┏━━

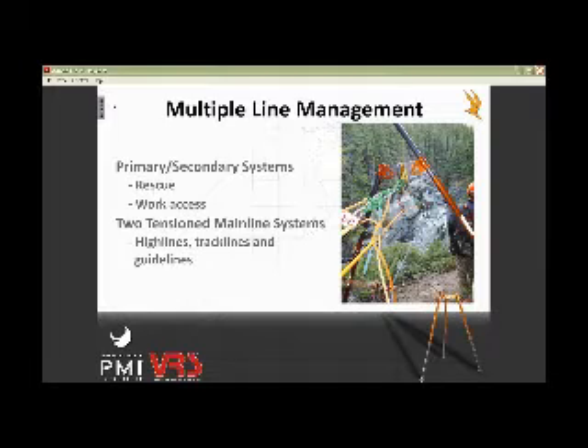Using little mini-haul systems, things like that — just little tricks of the trade to make sure that you keep that high-directional completely 100% in a neutral state.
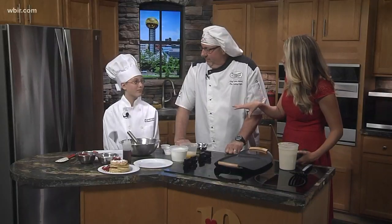Gracie, do you want to go into a field of cooking someday? Yes! Sweet. We've got a good mentor — Chef John's one of the best. She's going to be a chef.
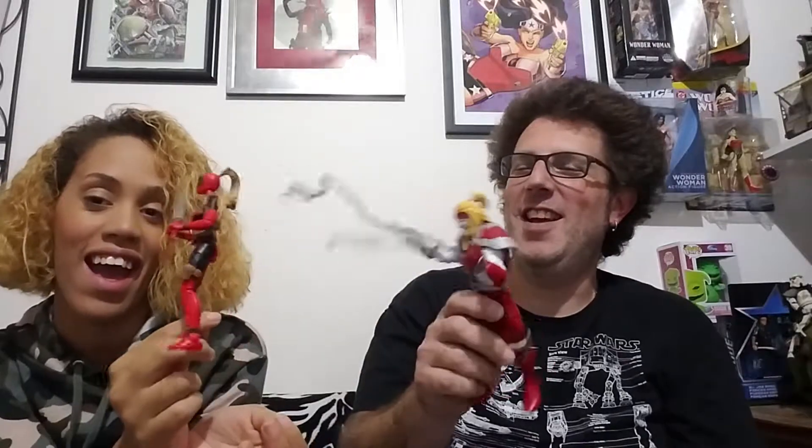He's gonna grab her by the head and choke her out. It's a pretty good figure — pretty decent. Everything looks pretty much Omega Red-ish.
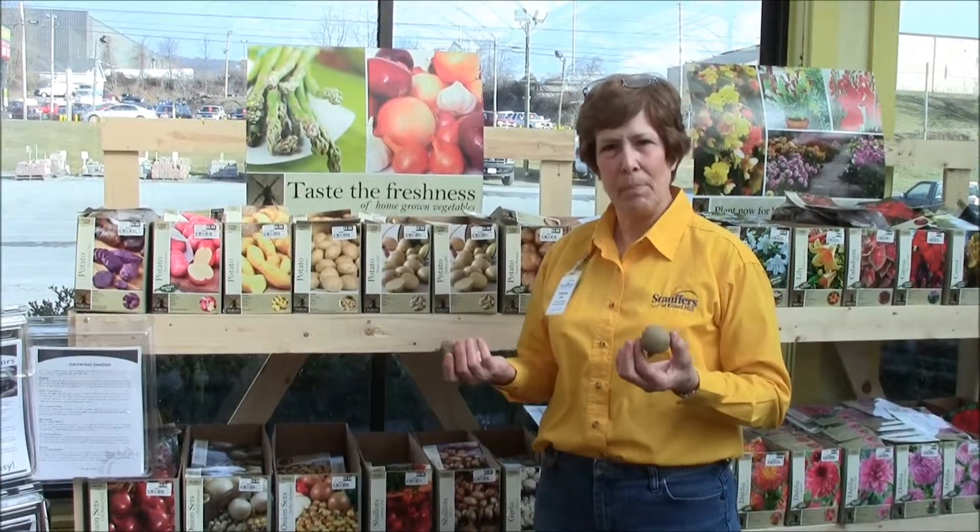Hi, my name is Wanda Stifler and I'm with Stauffers at Kissel Hill Garden Centers, and today we're going to be talking about seed potatoes.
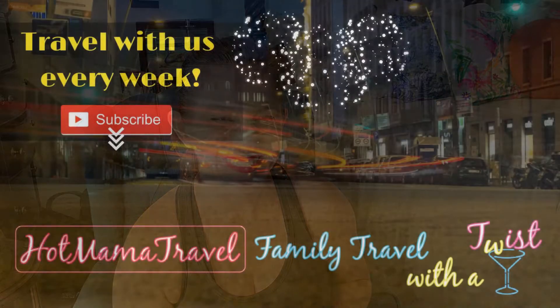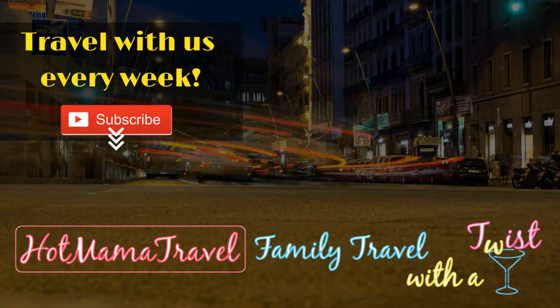Here's to happy feet and legs, guys — see you next time! Don't forget to subscribe and never miss another minute of the fun. We also offer detailed destination guides and travel tips over at our blog, hotmamatravel.com, to make your next family adventure hot.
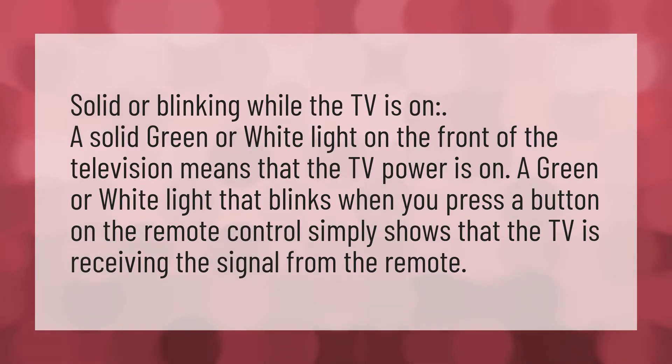Solid or blinking while the TV is on. A solid green or white light on the front of the television means that the TV power is on. A green or white light that blinks when you press a button on the remote control simply shows that the TV is receiving the signal from the remote.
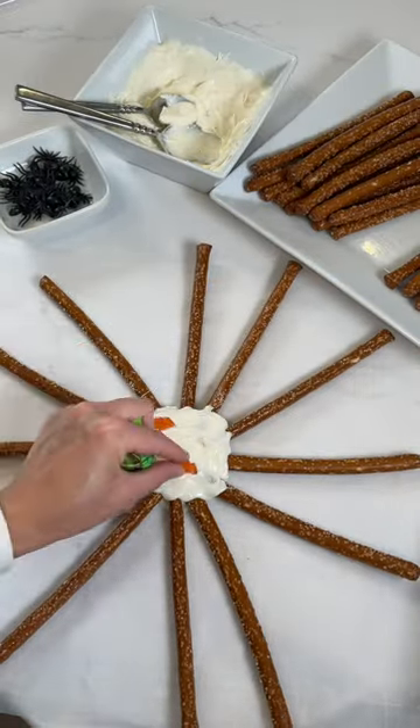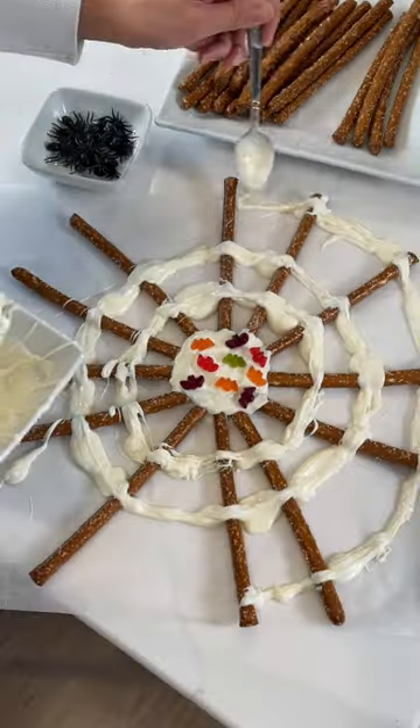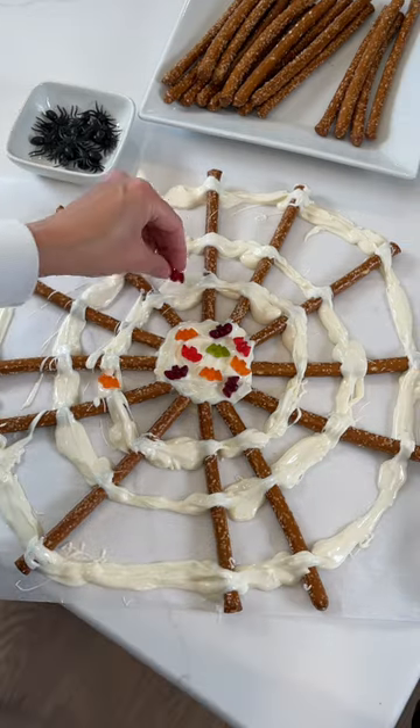Add more chocolate, then I found these cute little gummy candies to put in the center. I layered more chocolate around to make a web pattern, then added more gummy candies.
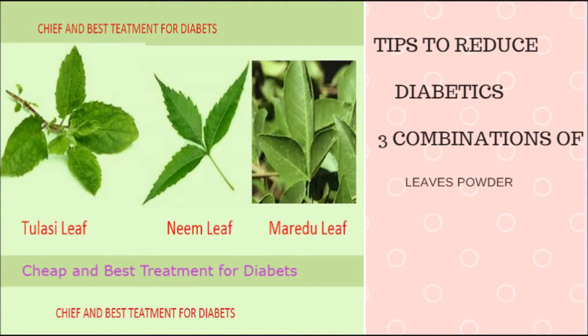Hi friends, this is Subramani. Thank you for watching my video. In this video I am going to explain about diabetes. Overall, seven to eight percent of people have diabetes in the world. In the USA, 8.3 percent of people have diabetes out of 25.8 million. In India, almost 8.2 percent of people have diabetes. In the UK, six percent of people have diabetes.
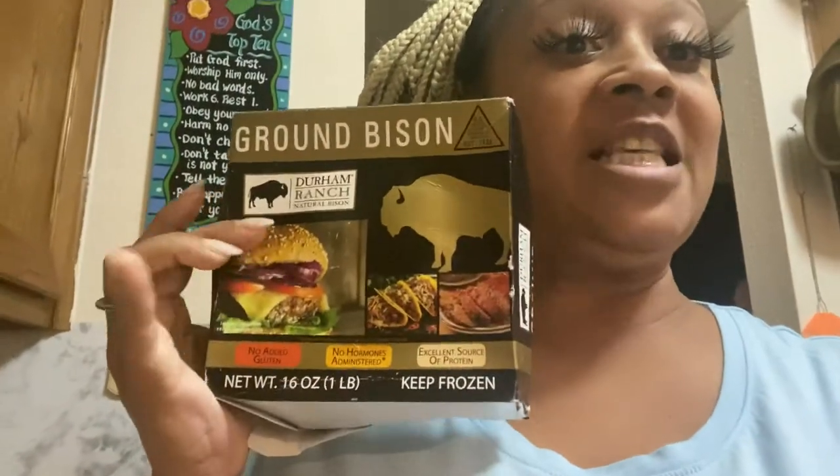Hi beautiful creators, it's Monica with Beautiful Creations. This afternoon we are going to make bison burger tacos this evening. Doesn't that sound great? If you're new to my channel, welcome, welcome, welcome!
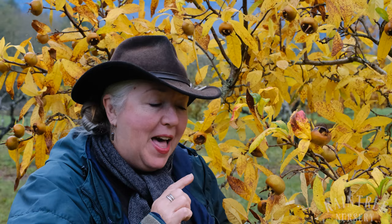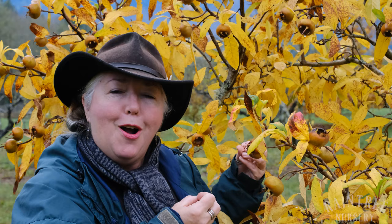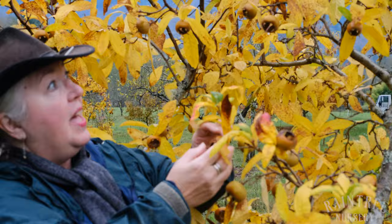Hey folks, it's Laura with Raintree Nursery, and right here we have one of the most amazing and unusual fruits that you are likely to find. This is the fabled medlar. Medlar is an old fruit, ancient — it was grown in the walled gardens in the Middle Ages in Europe. This is a tree full of mature medlar fruits.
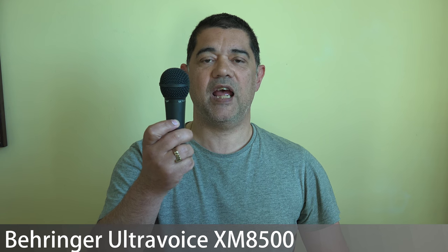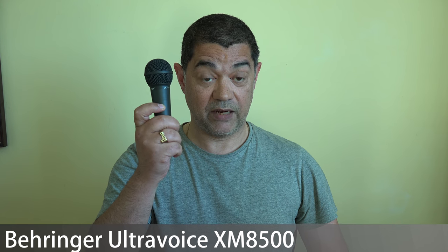Hi, I'm David Harry, and in this video I'm going to be testing two microphones. One is the Behringer Ultra Voice XM8500, and the other is made by Electro-Voice — the RE20. The RE20 costs around $450 in the US or £400-500 in the UK. The Behringer costs £16 in the UK and $20 in the States.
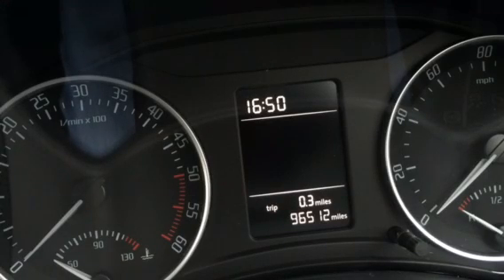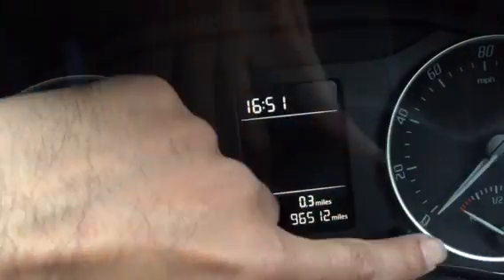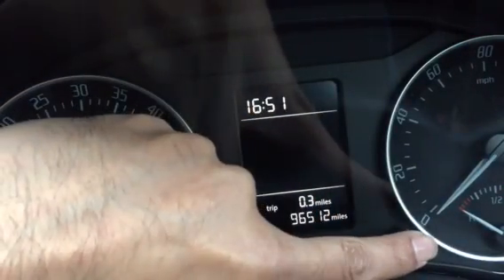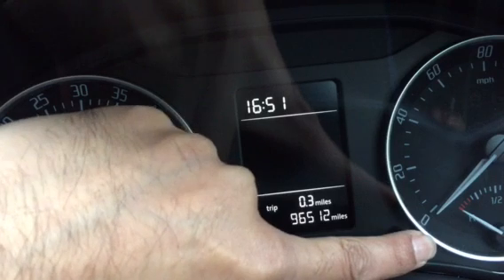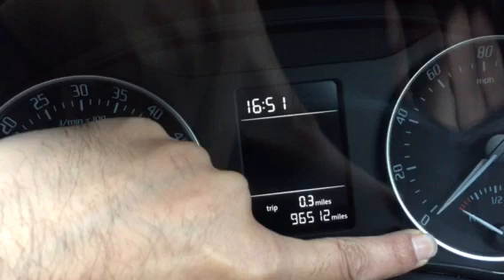This is to reset the Skoda service light. This is a 2013 model, 62-plate Octavia. First of all, we need to press the button in here and then turn the ignition key on.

┗━━

▶ **Brief**
Your answer must be an exact copy of the records, free of images.

▶ **Exercise response**
Using little mini-haul systems, things like that — just little tricks of the trade to make sure that you keep that high-directional completely 100% in a neutral state.
Gracie, do you want to go into a field of cooking someday? Yes! Sweet. We've got a good mentor — Chef John's one of the best. She's going to be a chef.
He's gonna grab her by the head and choke her out. It's a pretty good figure — pretty decent. Everything looks pretty much Omega Red-ish.
Hi, my name is Wanda Stifler and I'm with Stauffers at Kissel Hill Garden Centers, and today we're going to be talking about seed potatoes.
Here's to happy feet and legs, guys — see you next time! Don't forget to subscribe and never miss another minute of the fun. We also offer detailed destination guides and travel tips over at our blog, hotmamatravel.com, to make your next family adventure hot.
Solid or blinking while the TV is on. A solid green or white light on the front of the television means that the TV power is on. A green or white light that blinks when you press a button on the remote control simply shows that the TV is receiving the signal from the remote.
Add more chocolate, then I found these cute little gummy candies to put in the center. I layered more chocolate around to make a web pattern, then added more gummy candies.
Hi friends, this is Subramani. Thank you for watching my video. In this video I am going to explain about diabetes. Overall, seven to eight percent of people have diabetes in the world. In the USA, 8.3 percent of people have diabetes out of 25.8 million. In India, almost 8.2 percent of people have diabetes. In the UK, six percent of people have diabetes.
Hi beautiful creators, it's Monica with Beautiful Creations. This afternoon we are going to make bison burger tacos this evening. Doesn't that sound great? If you're new to my channel, welcome, welcome, welcome!
Hey folks, it's Laura with Raintree Nursery, and right here we have one of the most amazing and unusual fruits that you are likely to find. This is the fabled medlar. Medlar is an old fruit, ancient — it was grown in the walled gardens in the Middle Ages in Europe. This is a tree full of mature medlar fruits.
Hi, I'm David Harry, and in this video I'm going to be testing two microphones. One is the Behringer Ultra Voice XM8500, and the other is made by Electro-Voice — the RE20. The RE20 costs around $450 in the US or £400-500 in the UK. The Behringer costs £16 in the UK and $20 in the States.
This is to reset the Skoda service light. This is a 2013 model, 62-plate Octavia. First of all, we need to press the button in here and then turn the ignition key on.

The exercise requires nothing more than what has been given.